Formed under the original name of Harefield Victoria in 1868, Harefield United is the oldest club is Middlesex and a result of a merger with Harefield FC in 1934. The 147-year-old Hares, who play their home games at the 1,500 capacity Preston Park, fell agonizingly short of gaining promotion from the Spartan South Midlands League Premier Division in the 2006-07 and 2008-09 campaigns when they finished as runners up on goal difference on both occasions.
One of the oldest amateur football clubs in the world, Fordingbridge Turks FC was founded in 1868 and named in honor of the bravery of Turkish forces during the Crimean War. The Turks, whose home ground is the Recreation Ground in Fordingbridge, merged with nearby junior club Fordingbridge Town FC in 2014. The Fordingbridge Turks’ claim to fame is their ownership of the fifth-oldest football trophy in the world, the Basingstoke Cup, which they won three times in the late 19th century.

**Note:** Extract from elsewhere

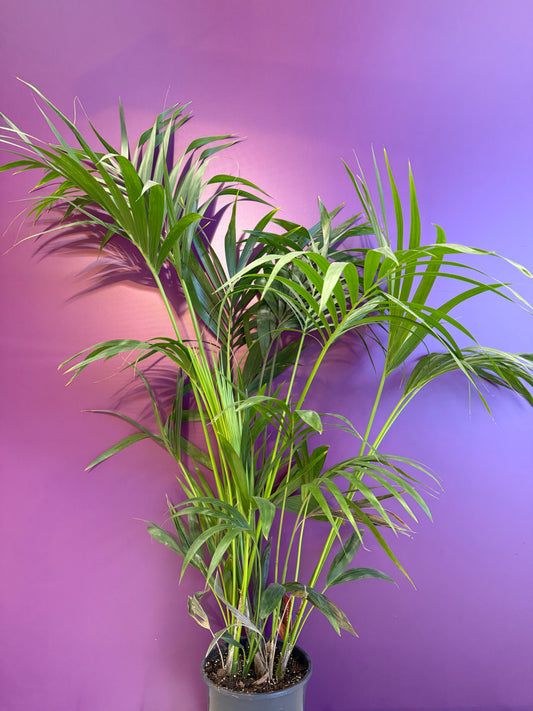 KENTIA - P21 H110 - 6PP (Howea forsteriana)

Sheffield Wednesday FC was founded by the members of a cricket club in 1867, making it the fifth-oldest professional football club in England. The Owls play their home games at Hillsborough in an area of Sheffield that used to be known as Owlerton. Sheffield Wednesday has been competing in the Championship since finishing second and gaining promotion from League 1 in 2011-12 campaign. The South Yorkshire club’s last piece of silverware came in the memorable 1991 Football League Cup final when it defeated Manchester United 1-0 at Wembley Stadium.
Queen’s Park FC is credited as the catalyst of Scottish football. The Glasgow outfit became the first Scottish club to exist when in was founded in the south of the capital during 1867. Queen’s Park is and always has been an amateur club. Even today, its players follow the motto: “Ludere causa Ludendi” — meaning to play for the sake of playing. The club’s home, Hampden Park, is also the home of the Scotland national team, fitting for the only club in the country to have played in the FA Cup final.
It’s a shame to witness clubs with history as rich and successful as 150-year-old Nottingham Forest endure constant setbacks. Following a decade of successive top half finishes in the old Division 1 competition, Forest seemingly capitulated after the inception of the Premier League in 1992-93. The club was relegated to what is now known as the Championship and despite returning to the Premier League the next year, it has since struggled to maintain top-flight status with only four appearances in the last 21 campaigns.
Formed in 1864, Brigg Town FC plays in the Northern Counties East League Premier Division, the ninth level of the English football pyramid. Brigg Town was relegated from the Northern Premier League Division One South at the end of the 2014-15 campaign and has a fight on its hands to stay up this season. Commonly referred to as the Zebras, the 151-year-old club plays at The Hawthorns in Lincolnshire and last lifted a trophy in the form of the FA Vase at Upton Park during the 2002-03 season.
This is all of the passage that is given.